The gate was the entrance to Woolley House, an eighteenth century house that was demolished long ago.
The house belonged to Thomas Johnson (1718-1790), who came from an important family in Lacock. His father, Rev James Johnson (1674-1740), was the sixth son and ninth child of George Johnson (1626-1683) of Bowden Park, Lacock, who was MP for Devizes and the Solicitor to the Treasury of King Charles II. James had become Rector of Long Melford in Suffolk and his eight children were born there. Thomas was the youngest and the last surviving son, after Richard and Cuthbert died young and both Matthew and James died from falling from horses; the latter was a Doctor of Divinity, the Chaplain to King George II, then Bishop of Gloucester in 1752 and Bishop of Worcester in 1759. Unfortunately his career and life were cut short on 28th November 1774, when he fell from his horse in Stall Street, Bath.
It may be that James the Bishop owned or built Woolley House, but he mentioned nothing in Bradford in his will. He left his younger and only surviving brother, Thomas (1718-1790), who was perhaps already living there, just £100 and a £100 yearly pension, but acquitted him of any debts that he owed him, which might have included loans for the land and for building the house.
Thomas Johnson married, in 1741 at Winsley, Ann Baber (1722/3-1802), daughter of Samuel Baber, the owner of the New Bear Inn, Silver Street, Bradford and was a Justice of the Peace for Bradford. On his death in 1790 his wife inherited all his property, but then went to live in Walcot, Bath and sold Woolley House, which from 1793 became the home of John Jones jr. He was the son of John Jones sr of Frankleigh House and was a clothier and banker who was responsible for building the big six-storey woollen cloth factory at Staverton Mill in about 1800. He was shot and wounded in his face while riding home to Woolley from Staverton in 1808 -an anti-machinery protest, but the culprit was not caught. He also reported to the Government that a hayrick on his land had been attacked by arsonists. The mill went bankrupt in November 1812 and he died soon afterwards. A son, Captain John Jones (the third) was listed as the owner in 1820 and Thomas Tugwell (c1769-1833) lived there until his death, having married John Jones II’s sister Mary.
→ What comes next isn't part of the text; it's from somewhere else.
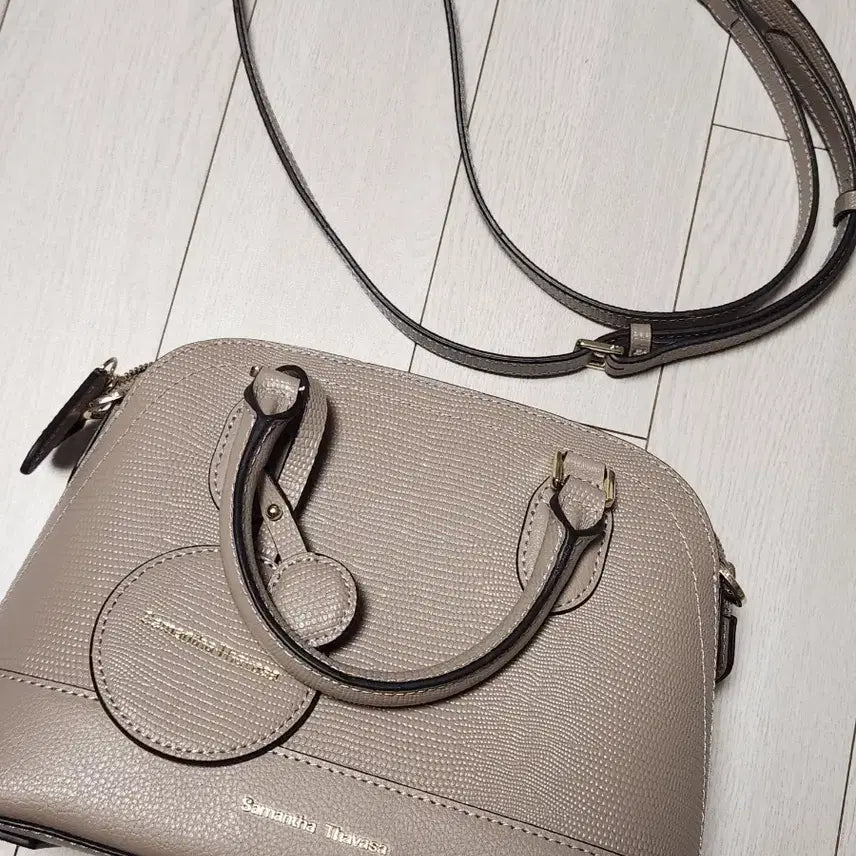 [BUNJANG] Samantha Thavasa Petit Alma Tote Bag Crossbody Bag / 사만사타바사 쁘띠 알마 토트백 크로스백두어번 사용해서 사진처럼 사용감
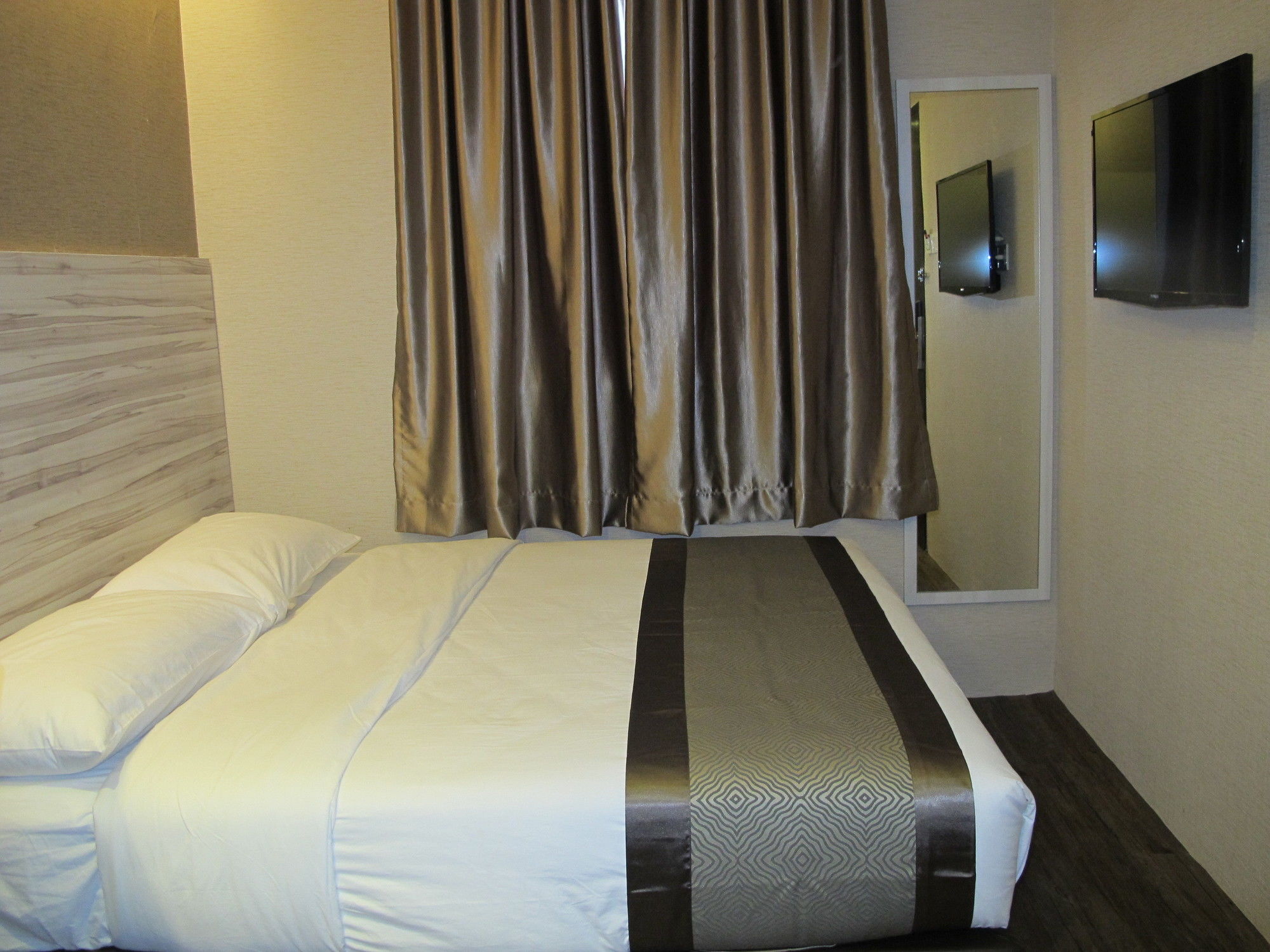 Hotel Austin Paradise - Taman Pulai Utama Skudai Extérieur photo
In the Tithe Apportionment of 1841 it was described as “Dwelling House, lawn, garden & plantation” under the representatives of [the late] John Jones, Esq. and occupied by Cornelius Lewis (as tenant -a Bradford grazier and butcher). In 1848 it was called Woolley Hall Farm and it might have then been bought by Captain Palairet and become the farmhouse of his Woolley Grange estate -the Tithe Map showed only two fields of pasture and an orchard attached to the house. A triangular piece of land to the south had been sold by Jones and was to be developed as the present Crown Court group of houses.
Sometime after 1864 the house disappeared and had certainly gone by the time the Ordnance Survey mapped the area in 1885. It was probably demolished by a subsequent owner of Woolley Grange, Samuel Beaven or Buddle Atkinson, leaving just the service buildings and the arch that remain today.